§ EXERCISE MATERIALS:
-*-

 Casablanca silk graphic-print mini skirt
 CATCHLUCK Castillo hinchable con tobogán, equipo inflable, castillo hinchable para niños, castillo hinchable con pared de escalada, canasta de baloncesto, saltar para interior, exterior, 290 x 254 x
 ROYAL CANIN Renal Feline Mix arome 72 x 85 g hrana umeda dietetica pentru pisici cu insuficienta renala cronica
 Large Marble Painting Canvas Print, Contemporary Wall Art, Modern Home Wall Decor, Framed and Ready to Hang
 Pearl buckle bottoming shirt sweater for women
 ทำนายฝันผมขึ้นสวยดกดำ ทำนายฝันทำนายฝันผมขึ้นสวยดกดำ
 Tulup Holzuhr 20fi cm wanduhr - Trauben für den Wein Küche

-*-

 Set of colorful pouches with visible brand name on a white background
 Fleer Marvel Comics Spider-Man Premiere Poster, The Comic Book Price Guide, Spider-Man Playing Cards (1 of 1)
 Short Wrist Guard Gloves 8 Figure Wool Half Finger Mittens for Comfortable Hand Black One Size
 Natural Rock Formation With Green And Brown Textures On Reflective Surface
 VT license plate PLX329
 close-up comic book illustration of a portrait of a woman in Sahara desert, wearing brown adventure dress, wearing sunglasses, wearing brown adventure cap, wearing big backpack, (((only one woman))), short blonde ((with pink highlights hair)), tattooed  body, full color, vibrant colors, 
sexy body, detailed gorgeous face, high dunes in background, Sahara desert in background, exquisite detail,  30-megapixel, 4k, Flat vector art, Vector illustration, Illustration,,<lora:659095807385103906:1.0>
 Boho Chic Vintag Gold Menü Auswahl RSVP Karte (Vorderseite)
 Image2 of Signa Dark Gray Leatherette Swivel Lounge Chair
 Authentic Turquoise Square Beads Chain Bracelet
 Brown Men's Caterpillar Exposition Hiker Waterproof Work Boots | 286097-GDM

-*-

§ EXERCISE OBJECTIVE:
Using the records above, set down exactly the lines from the one with "Casablanca silk graphic-print mini skirt" through the one with "Tulup Holzuhr 20fi", inclusive, and nothing more.

§ ANSWER TO THIS EXERCISE:
 Casablanca silk graphic-print mini skirt
 CATCHLUCK Castillo hinchable con tobogán, equipo inflable, castillo hinchable para niños, castillo hinchable con pared de escalada, canasta de baloncesto, saltar para interior, exterior, 290 x 254 x
 ROYAL CANIN Renal Feline Mix arome 72 x 85 g hrana umeda dietetica pentru pisici cu insuficienta renala cronica
 Large Marble Painting Canvas Print, Contemporary Wall Art, Modern Home Wall Decor, Framed and Ready to Hang
 Pearl buckle bottoming shirt sweater for women
 ทำนายฝันผมขึ้นสวยดกดำ ทำนายฝันทำนายฝันผมขึ้นสวยดกดำ
 Tulup Holzuhr 20fi cm wanduhr - Trauben für den Wein Küche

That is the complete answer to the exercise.